• **Task prompt**
Where does the string "with" appear in the records? Copy every line that contains it.

Short text fragments from websites:
┌──

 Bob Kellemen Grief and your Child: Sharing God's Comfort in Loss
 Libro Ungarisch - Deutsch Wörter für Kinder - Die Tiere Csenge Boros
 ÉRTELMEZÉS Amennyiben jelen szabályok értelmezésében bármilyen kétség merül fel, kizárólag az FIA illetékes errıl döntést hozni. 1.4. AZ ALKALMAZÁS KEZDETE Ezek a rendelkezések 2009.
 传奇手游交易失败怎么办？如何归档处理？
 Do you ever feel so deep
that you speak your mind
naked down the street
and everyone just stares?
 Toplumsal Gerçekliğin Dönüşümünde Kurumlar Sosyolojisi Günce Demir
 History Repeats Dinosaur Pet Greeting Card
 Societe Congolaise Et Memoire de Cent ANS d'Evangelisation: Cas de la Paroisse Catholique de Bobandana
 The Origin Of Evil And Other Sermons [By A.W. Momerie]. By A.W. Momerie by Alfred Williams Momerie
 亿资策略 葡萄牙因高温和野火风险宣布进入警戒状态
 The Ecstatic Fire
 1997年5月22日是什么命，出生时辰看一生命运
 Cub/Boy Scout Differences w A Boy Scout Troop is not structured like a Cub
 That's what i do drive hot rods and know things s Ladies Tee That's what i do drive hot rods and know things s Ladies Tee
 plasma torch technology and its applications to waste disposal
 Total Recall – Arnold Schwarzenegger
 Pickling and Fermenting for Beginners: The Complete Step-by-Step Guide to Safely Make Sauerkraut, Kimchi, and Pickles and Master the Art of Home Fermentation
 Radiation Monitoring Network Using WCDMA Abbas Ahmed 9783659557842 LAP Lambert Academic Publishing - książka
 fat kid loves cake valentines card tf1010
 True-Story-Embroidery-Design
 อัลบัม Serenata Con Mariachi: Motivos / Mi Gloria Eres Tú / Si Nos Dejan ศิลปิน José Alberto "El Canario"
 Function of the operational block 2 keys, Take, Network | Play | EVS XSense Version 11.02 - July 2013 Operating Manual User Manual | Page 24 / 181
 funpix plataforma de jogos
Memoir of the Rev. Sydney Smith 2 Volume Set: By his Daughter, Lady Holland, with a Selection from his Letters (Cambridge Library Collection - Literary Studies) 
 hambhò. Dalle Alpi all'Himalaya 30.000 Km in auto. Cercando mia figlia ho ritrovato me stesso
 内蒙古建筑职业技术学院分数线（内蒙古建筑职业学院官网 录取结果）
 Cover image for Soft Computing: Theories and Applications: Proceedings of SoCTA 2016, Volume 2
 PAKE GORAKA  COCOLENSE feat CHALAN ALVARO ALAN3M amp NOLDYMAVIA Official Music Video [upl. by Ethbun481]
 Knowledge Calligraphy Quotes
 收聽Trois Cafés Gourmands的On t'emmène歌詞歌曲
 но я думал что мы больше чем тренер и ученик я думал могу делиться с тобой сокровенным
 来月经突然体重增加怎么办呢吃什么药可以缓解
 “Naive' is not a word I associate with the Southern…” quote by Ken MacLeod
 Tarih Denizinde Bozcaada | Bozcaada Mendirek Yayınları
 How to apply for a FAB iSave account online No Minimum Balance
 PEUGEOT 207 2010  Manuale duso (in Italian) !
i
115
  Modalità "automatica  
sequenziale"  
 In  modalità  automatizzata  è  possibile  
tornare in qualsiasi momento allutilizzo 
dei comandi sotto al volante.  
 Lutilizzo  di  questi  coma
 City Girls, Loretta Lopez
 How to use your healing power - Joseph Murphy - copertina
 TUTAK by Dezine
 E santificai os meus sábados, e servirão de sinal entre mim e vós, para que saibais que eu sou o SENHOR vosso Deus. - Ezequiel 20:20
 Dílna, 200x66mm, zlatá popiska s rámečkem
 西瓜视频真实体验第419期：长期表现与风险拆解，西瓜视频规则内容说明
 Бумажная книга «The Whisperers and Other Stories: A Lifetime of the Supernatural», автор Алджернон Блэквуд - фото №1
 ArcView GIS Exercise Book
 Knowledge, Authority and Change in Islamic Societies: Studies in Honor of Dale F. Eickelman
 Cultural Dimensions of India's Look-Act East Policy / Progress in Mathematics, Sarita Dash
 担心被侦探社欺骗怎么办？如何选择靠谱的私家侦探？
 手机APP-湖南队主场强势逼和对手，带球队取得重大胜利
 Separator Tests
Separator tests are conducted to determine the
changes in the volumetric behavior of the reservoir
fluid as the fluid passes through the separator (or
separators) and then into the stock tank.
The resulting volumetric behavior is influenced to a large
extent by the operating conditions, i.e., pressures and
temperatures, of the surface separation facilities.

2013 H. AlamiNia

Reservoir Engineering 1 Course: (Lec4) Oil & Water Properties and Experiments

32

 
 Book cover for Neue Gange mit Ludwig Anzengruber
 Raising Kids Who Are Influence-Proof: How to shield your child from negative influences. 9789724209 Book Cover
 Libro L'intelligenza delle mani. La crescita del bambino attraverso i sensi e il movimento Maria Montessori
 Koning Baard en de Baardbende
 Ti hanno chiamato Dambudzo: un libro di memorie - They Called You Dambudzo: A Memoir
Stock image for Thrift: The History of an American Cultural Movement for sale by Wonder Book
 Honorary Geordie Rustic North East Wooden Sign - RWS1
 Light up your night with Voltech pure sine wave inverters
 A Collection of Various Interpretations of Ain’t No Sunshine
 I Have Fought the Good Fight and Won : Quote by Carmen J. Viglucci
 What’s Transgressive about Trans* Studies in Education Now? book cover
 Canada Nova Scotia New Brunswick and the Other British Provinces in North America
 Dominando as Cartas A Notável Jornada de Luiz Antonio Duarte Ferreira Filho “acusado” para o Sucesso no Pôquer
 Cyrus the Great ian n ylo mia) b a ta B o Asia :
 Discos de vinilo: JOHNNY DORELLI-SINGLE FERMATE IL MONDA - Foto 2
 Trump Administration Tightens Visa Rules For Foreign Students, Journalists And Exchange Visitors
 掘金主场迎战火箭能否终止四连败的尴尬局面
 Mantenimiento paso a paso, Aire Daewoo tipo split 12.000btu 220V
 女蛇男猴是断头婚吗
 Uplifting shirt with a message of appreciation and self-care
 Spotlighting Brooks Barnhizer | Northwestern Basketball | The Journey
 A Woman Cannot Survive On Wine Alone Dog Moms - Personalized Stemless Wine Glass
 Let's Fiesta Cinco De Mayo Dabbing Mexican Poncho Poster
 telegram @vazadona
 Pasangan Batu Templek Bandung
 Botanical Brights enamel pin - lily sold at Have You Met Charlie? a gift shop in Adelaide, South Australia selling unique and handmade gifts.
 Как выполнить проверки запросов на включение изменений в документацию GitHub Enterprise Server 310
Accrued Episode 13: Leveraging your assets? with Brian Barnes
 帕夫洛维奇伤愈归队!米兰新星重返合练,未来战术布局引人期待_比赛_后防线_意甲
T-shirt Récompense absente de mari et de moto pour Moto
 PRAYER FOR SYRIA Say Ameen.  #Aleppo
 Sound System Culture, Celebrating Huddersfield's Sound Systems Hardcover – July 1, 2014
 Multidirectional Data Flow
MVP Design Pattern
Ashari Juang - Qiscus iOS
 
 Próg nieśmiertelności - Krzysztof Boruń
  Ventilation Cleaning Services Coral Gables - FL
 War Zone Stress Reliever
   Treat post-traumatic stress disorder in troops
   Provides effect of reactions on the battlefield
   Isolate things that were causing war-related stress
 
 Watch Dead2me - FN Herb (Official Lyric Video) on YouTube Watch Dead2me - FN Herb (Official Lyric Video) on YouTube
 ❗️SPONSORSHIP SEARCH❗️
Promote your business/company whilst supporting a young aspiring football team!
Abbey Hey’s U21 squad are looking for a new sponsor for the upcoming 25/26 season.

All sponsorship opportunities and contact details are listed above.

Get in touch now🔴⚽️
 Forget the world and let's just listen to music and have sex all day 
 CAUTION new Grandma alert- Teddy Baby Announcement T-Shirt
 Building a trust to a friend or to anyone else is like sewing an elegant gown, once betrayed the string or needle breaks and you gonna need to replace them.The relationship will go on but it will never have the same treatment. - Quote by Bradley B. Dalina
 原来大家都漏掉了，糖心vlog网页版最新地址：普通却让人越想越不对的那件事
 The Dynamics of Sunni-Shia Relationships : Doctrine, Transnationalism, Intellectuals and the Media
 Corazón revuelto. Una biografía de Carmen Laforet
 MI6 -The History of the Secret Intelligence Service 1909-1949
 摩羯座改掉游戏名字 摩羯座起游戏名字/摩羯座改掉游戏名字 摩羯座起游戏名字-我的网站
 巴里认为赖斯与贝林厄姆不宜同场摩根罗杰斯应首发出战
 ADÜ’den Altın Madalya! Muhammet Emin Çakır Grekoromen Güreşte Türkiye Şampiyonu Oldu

└──

• **Task result**
Memoir of the Rev. Sydney Smith 2 Volume Set: By his Daughter, Lady Holland, with a Selection from his Letters (Cambridge Library Collection - Literary Studies) 
 “Naive' is not a word I associate with the Southern…” quote by Ken MacLeod
 Light up your night with Voltech pure sine wave inverters
 Uplifting shirt with a message of appreciation and self-care
Accrued Episode 13: Leveraging your assets? with Brian Barnes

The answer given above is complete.